Lewis Roca Rothgerber Christie announced the addition of three attorneys as associates at the firm’s Denver office. Aurora Barnes, Megan Cunningham Fugier and Stephen Hennessy will practice in the area of business litigation.
Barnes’ practice focuses on complex commercial disputes including insurance, real property, breach of fiduciary duty, breach of contract and constitutional appellate work. She served as a judicial intern for Magistrate Judge Kristen Mix in the U.S. District Court for the District of Colorado and interned under 2nd District Judge Michael Vallejos.
Barnes received a law degree from the University of Denver Sturm College of Law and bachelor’s degrees from DU.
Fugier’s practice focuses on eminent domain and land use, risk management and insurance, including class actions and first-party bad faith.
Prior to joining Lewis Roca Rothgerber Christie, she was a teaching assistant for legal profession coursework and a participant in the Hale Moot Court Honors Program at the University of Southern California, Gould School of Law. She received a law degree from the USC, Gould School of Law and a bachelor’s degree from Loyola Marymount University.
Hennessy’s litigation practice focuses on complex commercial disputes including breach of contract, bad faith, breach of fiduciary duty and bankruptcy. He interned for Judge Christine Arguello in the U.S. District Court for the District of Colorado. He received a law degree from the University of Colorado Law School and a bachelor’s degree from George Washington University.
Board Appointments
Merchant & Gould patent agent Nobu Yoda was elected president of the Japan America Society of Colorado, a nonprofit organization that helps expand people-to-people relationships between Colorado and Japan through business, education and cultural opportunities.
Yoda was elected to a two-year term, which will begin on Jan. 1. As president, he will be the primary liaison between the board and the organization’s staff members.
Originally from Japan, Yoda is fluent in Japanese at a native level.

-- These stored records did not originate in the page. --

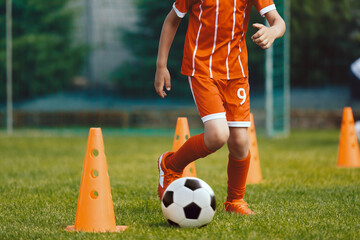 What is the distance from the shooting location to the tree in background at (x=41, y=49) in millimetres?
11648

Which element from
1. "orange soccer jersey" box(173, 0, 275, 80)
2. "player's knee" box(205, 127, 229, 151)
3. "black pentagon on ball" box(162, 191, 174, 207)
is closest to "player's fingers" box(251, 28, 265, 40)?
"orange soccer jersey" box(173, 0, 275, 80)

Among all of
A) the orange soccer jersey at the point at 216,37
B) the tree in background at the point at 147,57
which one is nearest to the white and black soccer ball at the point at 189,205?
the orange soccer jersey at the point at 216,37

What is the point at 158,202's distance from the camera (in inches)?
151

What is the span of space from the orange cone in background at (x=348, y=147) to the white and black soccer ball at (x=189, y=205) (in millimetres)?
3358

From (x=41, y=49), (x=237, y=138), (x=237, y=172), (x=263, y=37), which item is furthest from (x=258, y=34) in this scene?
(x=41, y=49)

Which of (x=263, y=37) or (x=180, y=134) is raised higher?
(x=263, y=37)

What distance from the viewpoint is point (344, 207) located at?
3.54 m

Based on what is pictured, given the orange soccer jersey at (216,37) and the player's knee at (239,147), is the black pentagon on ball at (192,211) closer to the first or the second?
the player's knee at (239,147)

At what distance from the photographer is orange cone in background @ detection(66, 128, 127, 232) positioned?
9.53 ft

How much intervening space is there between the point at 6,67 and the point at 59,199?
324 inches

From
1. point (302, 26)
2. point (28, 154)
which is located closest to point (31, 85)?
point (28, 154)

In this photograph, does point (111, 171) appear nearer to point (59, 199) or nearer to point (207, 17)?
point (59, 199)

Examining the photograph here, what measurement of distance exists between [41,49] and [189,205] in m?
9.60

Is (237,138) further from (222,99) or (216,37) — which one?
(216,37) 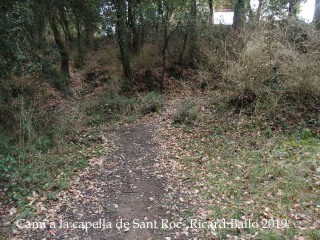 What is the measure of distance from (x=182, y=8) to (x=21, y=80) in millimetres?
6324

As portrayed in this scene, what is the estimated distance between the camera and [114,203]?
486 centimetres

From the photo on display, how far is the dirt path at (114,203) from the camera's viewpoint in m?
4.15

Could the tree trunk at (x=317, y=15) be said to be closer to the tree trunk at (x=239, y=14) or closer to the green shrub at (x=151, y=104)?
the tree trunk at (x=239, y=14)

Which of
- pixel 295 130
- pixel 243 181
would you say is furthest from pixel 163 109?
pixel 243 181

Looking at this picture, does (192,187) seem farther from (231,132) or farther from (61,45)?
(61,45)

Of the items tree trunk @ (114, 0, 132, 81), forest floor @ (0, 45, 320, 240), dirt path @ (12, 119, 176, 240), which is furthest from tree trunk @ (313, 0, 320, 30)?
dirt path @ (12, 119, 176, 240)

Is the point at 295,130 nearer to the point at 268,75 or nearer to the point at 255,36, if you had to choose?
the point at 268,75

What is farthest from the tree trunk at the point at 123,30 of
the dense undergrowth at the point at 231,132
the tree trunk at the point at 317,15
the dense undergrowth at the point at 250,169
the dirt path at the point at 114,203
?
the tree trunk at the point at 317,15

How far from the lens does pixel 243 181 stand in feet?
17.4

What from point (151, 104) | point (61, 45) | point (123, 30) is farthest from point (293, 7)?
point (61, 45)

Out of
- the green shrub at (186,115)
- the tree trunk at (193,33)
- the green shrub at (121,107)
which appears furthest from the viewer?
the tree trunk at (193,33)

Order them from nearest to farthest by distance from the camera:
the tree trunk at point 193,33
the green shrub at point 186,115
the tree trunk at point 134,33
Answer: the green shrub at point 186,115 < the tree trunk at point 193,33 < the tree trunk at point 134,33

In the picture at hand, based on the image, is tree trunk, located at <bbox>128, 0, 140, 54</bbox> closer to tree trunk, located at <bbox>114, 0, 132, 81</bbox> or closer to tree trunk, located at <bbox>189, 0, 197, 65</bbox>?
tree trunk, located at <bbox>114, 0, 132, 81</bbox>

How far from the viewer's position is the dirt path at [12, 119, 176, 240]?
163 inches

He is a patent agent at Merchant & Gould’s Denver office and works in the computer systems, telecommunications and software fields and has drafted patent applications for operating systems, software middleware and applications, Voice-over-IP, network security and management, web services, mobile wireless communications and image processing. Yoda is listed as an inventor on over 40 patents globally.
Prior to his recent election as president, he served as a board member of the Japan America Society of Colorado. In addition, he volunteers with the Japanese Business Association of the Rockies and the Colorado Japanese School.
Yoda is enrolled as a law student in a part-time J.D. program at the DU Sturm College of Law.
Judicial Announcements
Colorado Supreme Court Chief Justice Nathan Coats on Dec. 3 appointed District Court Judge Leslie Gerbracht to serve as chief judge of the 3rd Judicial District.
Gerbracht replaces Judge Claude Appel, who will retire from the bench on Jan. 8, after serving as a judge in the 3rd Judicial District for nearly 34 years. Gerbracht’s appointment is effective Jan. 8.
Gerbracht was sworn in as a district court judge in January 2007. Prior to her appointment, she was a deputy public defender from 1995 to 2005 and was in private practice in Trinidad from 2005 to 2007. She received a bachelor’s degree from Sangamon State University in Springfield, Illinois, and received a law degree from Southern Illinois University Law School in Carbondale, Illinois, in 1997. She began a truancy prevention program and GED completion program in district court.
As chief judge, Gerbracht will serve as the administrative head of the 3rd Judicial District, responsible for appointing the court executive, chief probation officer and clerk of court, assisting in the personnel, financial and case-management duties of the district and seeing that the business of the courts is conducted efficiently and effectively.